6. November 2019

Schülerprojekte in Mödlareuth vorgestellt

Zwei Schülerprojekte sind im Rahmen der Veranstaltungen des Deutsch-Deutschen Museums Mödlareuth zum 30. Jahrestag des Mauerfalls in Mödlareuth vorgestellt worden. Präsentiert wurden die Ergebnisse zweier Themenbereiche, die in den Schulen bearbeitet worden sind.

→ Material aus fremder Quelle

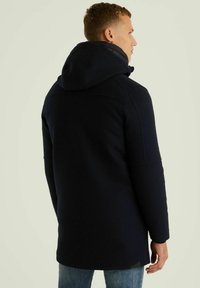 Tamsiai mėlynas su kapuce paltas su tekstūriniu audiniu, matomomis siūlėmis ir nugaroje esančia skeltimi. Turi laisvą siluetą ir derinamas su šviesiomis džinsinėmis kelnėmis.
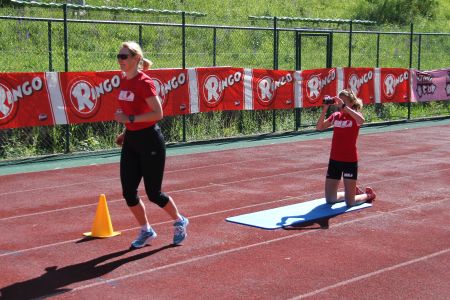 Laufanalyse mit RUNNING Company: Eine Läuferin läuft auf einer roten Laufbahn und wird dabei von einer hinter ihr knieenden Person mit einer Videokamer gefilmt.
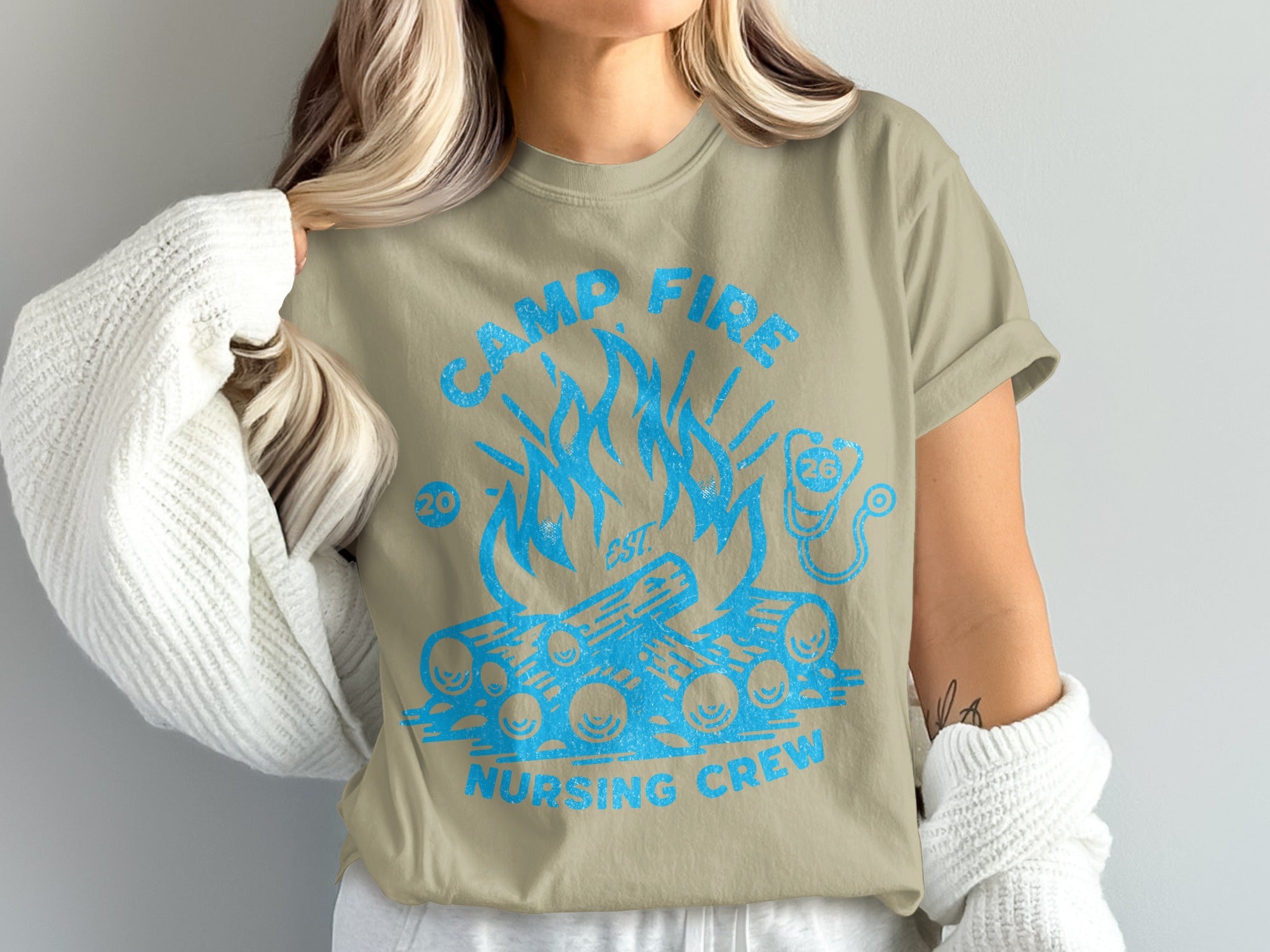 Tan t-shirt with blue campfire and "Camp Fire Nursing Crew" text.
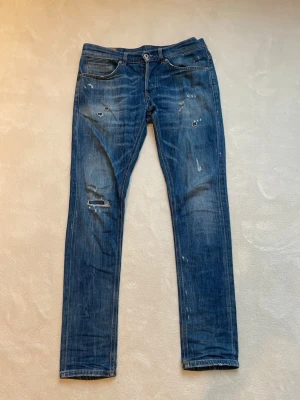 Dondup jeans - Säljer ett par riktigt nice blå dondup jeans med slitningar och distressed detaljer på både fram- och baksida. Jeansen har klassisk femficksdesign. 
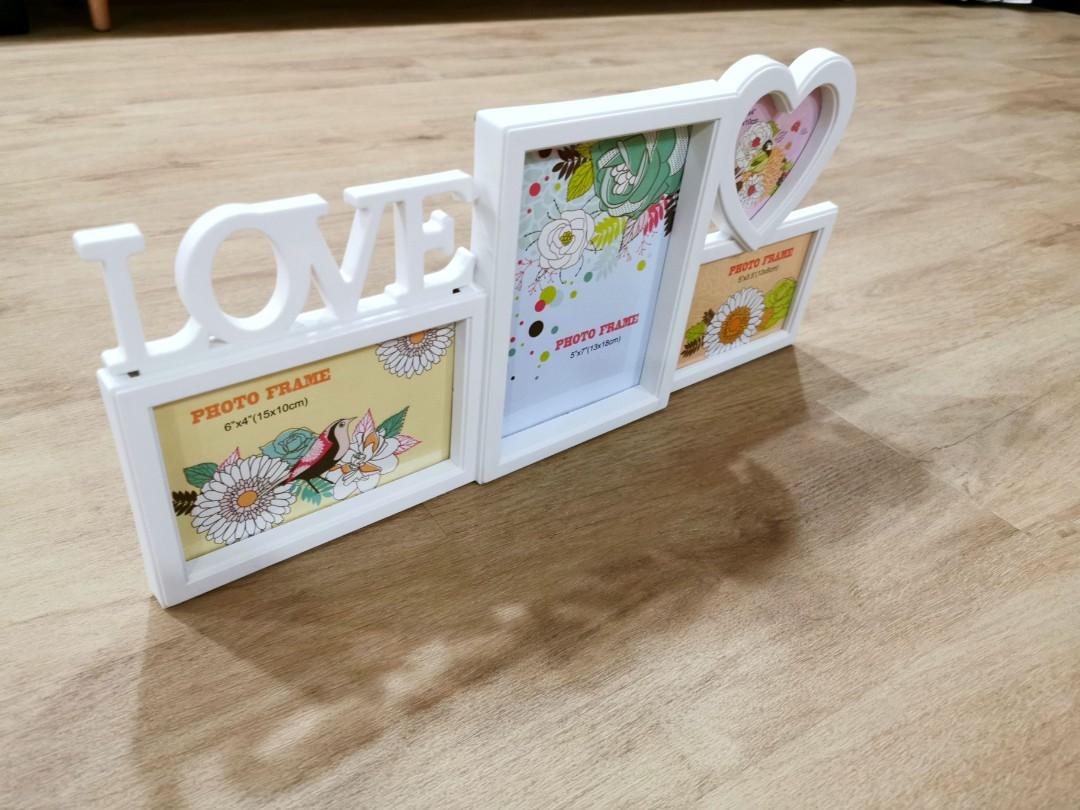 Photoframe - White (Category: Frames & Pictures) located in Singapore. Submitted by clara_mintymin (Listing ID 1136816747, Image 2). Description: Photoframe - White - comes with measurements for each box - can stand on its own - comes with hook for hanging to the wall * Meet up or top up for delivery *.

Zum einen haben sich in einem länderübergreifenden Projekt jeweils zehn Schülerinnen und Schüler des Johann-Christian-Reinhart-Gymnasiums Hof, des Christian-Gottlieb-Reichardt-Gymnasiums Bad Lobenstein, der Johann-Georg-August-Wirth-Realschule Hof und der Dr.-Christoph-Hufeland-Oberschule Plauen mit dem Komplex „November ´89 – was war da?“ befasst. Im Mittelpunkt dieses Projektes standen die lokalen Grenzöffnungen im bayerisch-sächsisch-thüringischen Vogtland, die nach dem Fall der Mauer und die damit verbundenen Veränderungen im westdeutschen wie auch ostdeutschen Grenzraum. In einer multiperspektivischen Vorgehensweise sollten dazu Akten, Zeitungsberichte, Filme und Fotos von den Schülerinnen und Schülern ausgewertet und Zeitzeugeninterviews geführt werden.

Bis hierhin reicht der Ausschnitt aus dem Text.